The “professional pastor” in the room is feeling something well up within her. A tear, then tears. “Holy sadness,” as the nineteen-century theologian, Friedrich Schleiermacher, is the closest name I can give for it.
Meanwhile, This isn’t professional of me, she is thinking. I can’t cry. I’m the minister here. Boundaries, people, please!
But the recollections of the beloved, blonde-headed, little girl with the bob who says, “Cheese,” when she means, “Please,” who at three still takes her time going up stairs with the slow deliberation of a novice painter etching her first still life, who lights up every room with a smile, are too hard to repress now. And, she is remembering the moment when a doctor, marveling in wonder and with great delight at the rhythmic, wave-like patterns on a sonogram, exclaimed that the child she was carrying in her last month of pregnancy was the happiest child he had ever seen. “It’s like your daughter is dancing!” he had exclaimed joyfully.

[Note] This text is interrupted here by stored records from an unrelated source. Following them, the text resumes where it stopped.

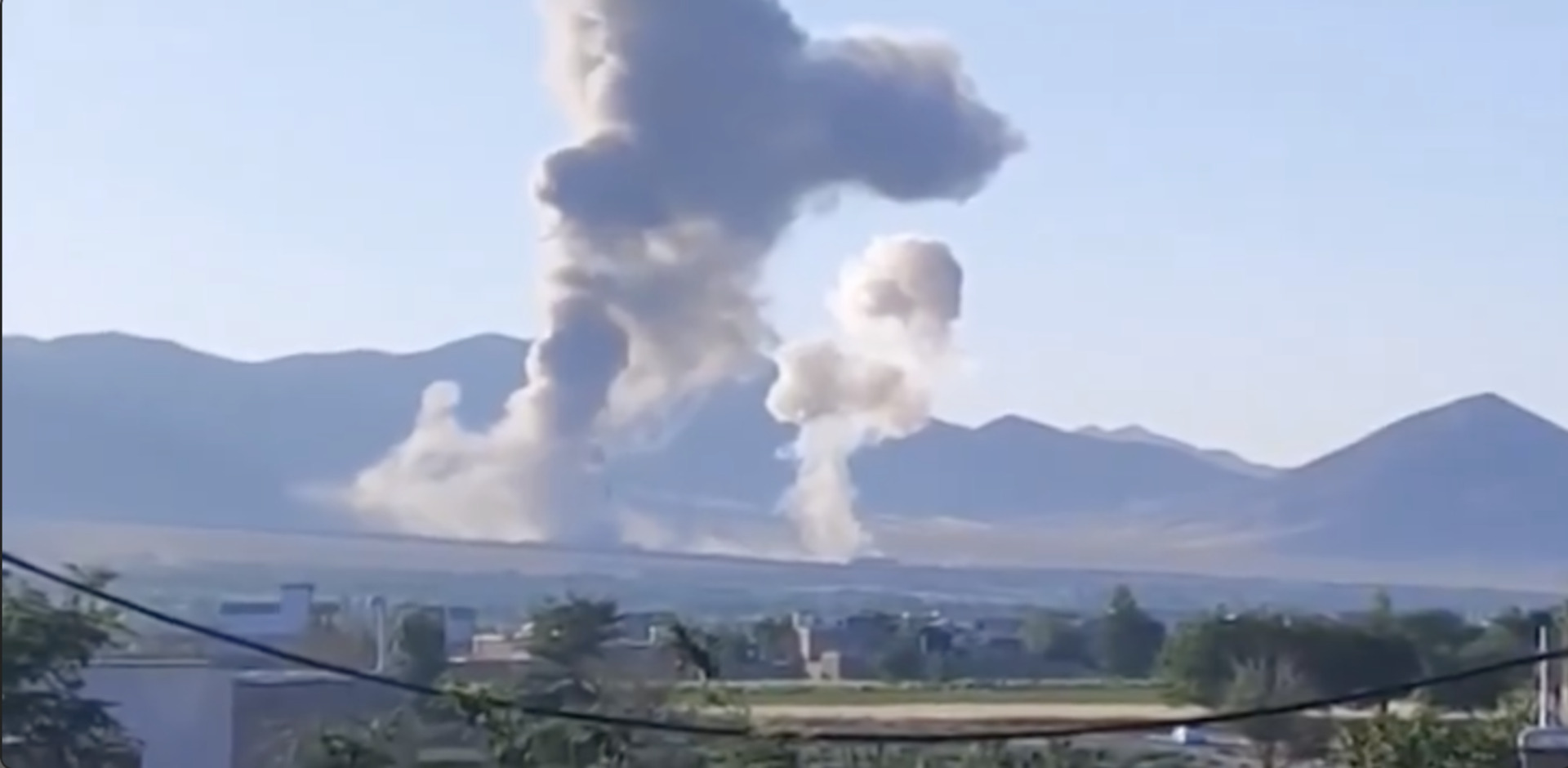 Israel menyerang situs industri dan nuklir besar di Iran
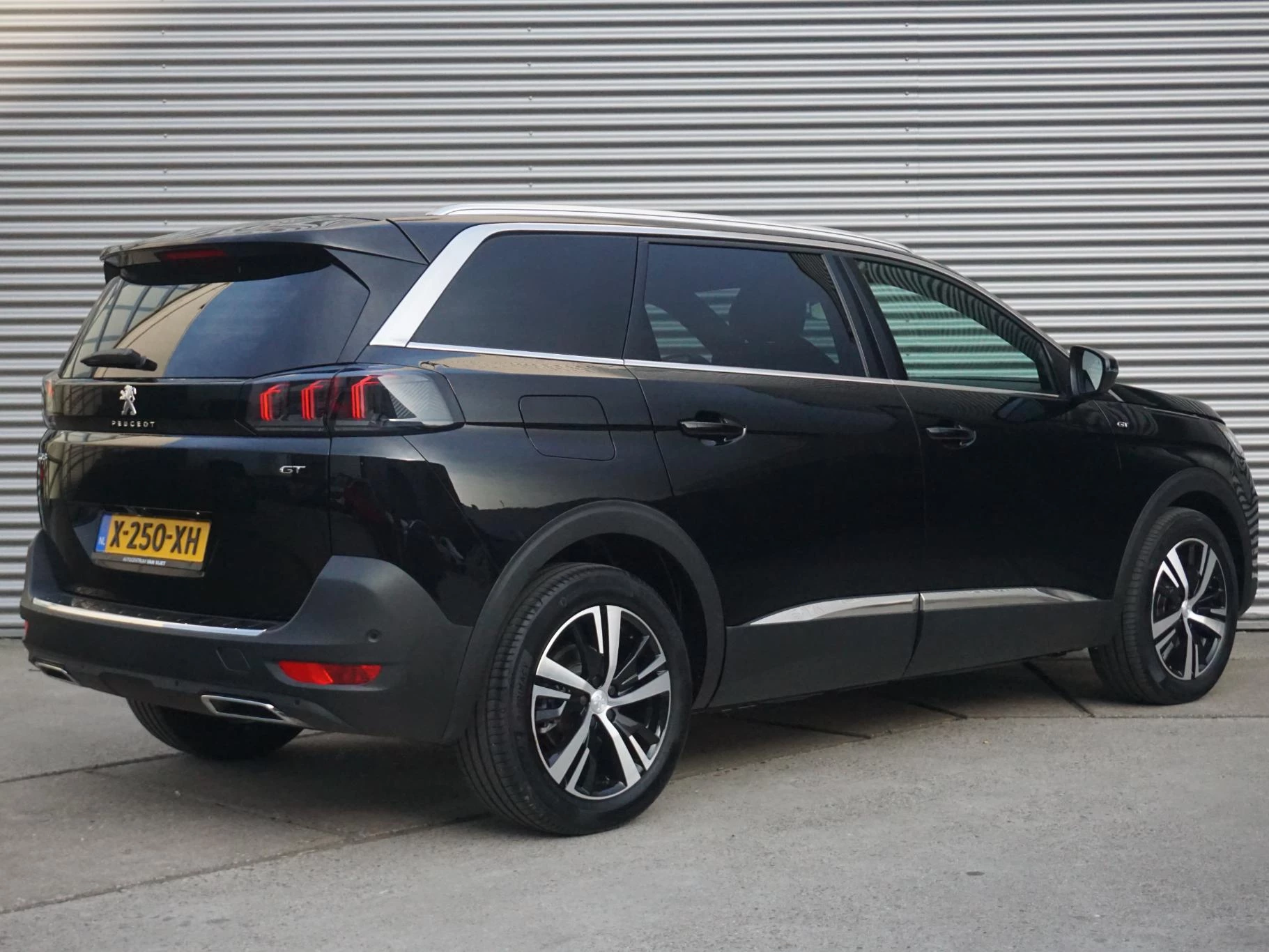 Hoofdafbeelding Peugeot 5008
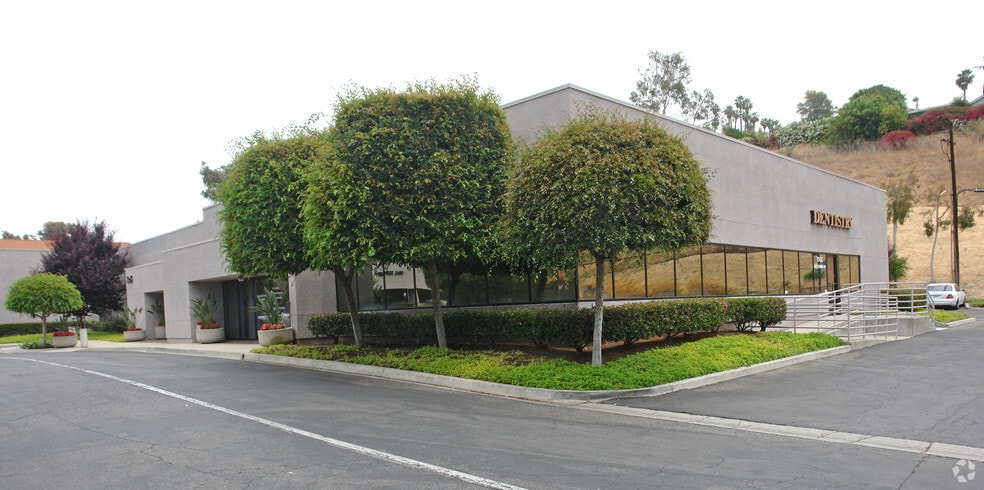 706 N Diamond Bar Blvd, Diamond Bar, CA for sale - Primary Photo - Image 1 of 6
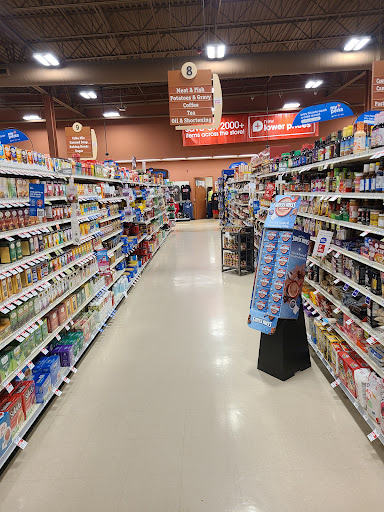 Supermarket «Giant Eagle Supermarket», reviews and photos, 108 W Main St, Louisville, OH 44641, USA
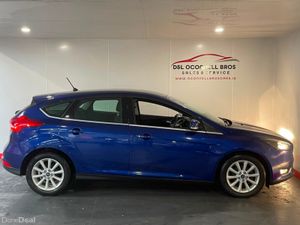 Ford Focus 1.5 TDCI 120 TITANIUM S/S 5DR 120PS - Image 3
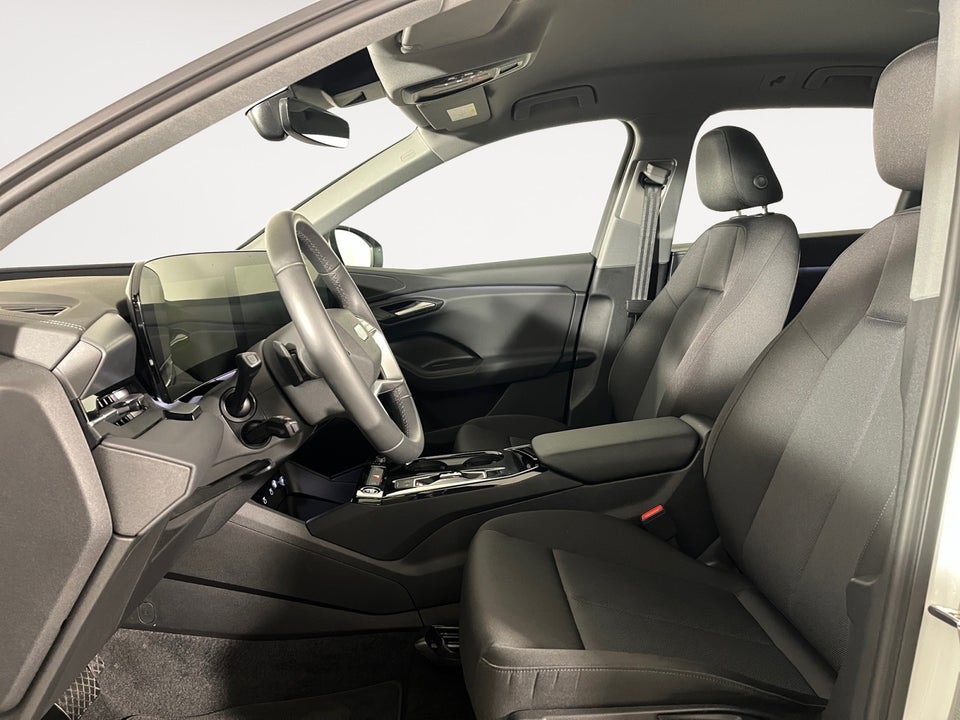 Audi Q6 e-tron Progress performance 5d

Later, she had known something was different when Samantha (“Samantha” which in Aramaic means “God listener”) hadn’t begun to walk at almost two years of age. That is when the visits to the physical therapist began. Then the speech therapist. A round of medical and DNA tests, none of which could really detect the source of the problem. Until one day in a neurologist’s office, this mother had heard the terrifying words, “cerebral palsy.” A mild case, but cerebral palsy all the same. A simple scar on my daughter’s head which could have been caused by almost anything really, and which, with therapy, could be treated and remedied if not cured.
Why? I had wondered. To bring God glory?, not without some hint of bitterness. But, how?
And now Florence is telling me about her quadripilegiac daughter whose life-long calling has been to make colorful bracelets and smile sweetly back at the world and let others care for her, and in so doing make the world a more beautiful place.
And between the tears running down my cheeks now, “My daughter has cerebral palsy, too,” I manage to stammer. “It’s a mild case,” I say. “But I can begin to imagine what you and your daughter must have endured together.”
For the first time Flora is looking into me now: “You understand then,” she says. The connection lights up her face, if only momentarily.
And now I’m holding her hand and the tears are silently streaming down my face as I try to wipe them away- as if somehow Flora might not somehow notice.
The professional chaplain is crying like a baby, I’m thinking. Get yourself together, I’m telling myself.
“Christ’s body broken for you,” I hear it sometimes said when I receive the bread and the wine. But here it is again, only embodied differently this time.
An aperture of light in a dark room.
An exchange of shared broken things.
Feeding one another.
And at the center, in the space between us, a cross with God on it.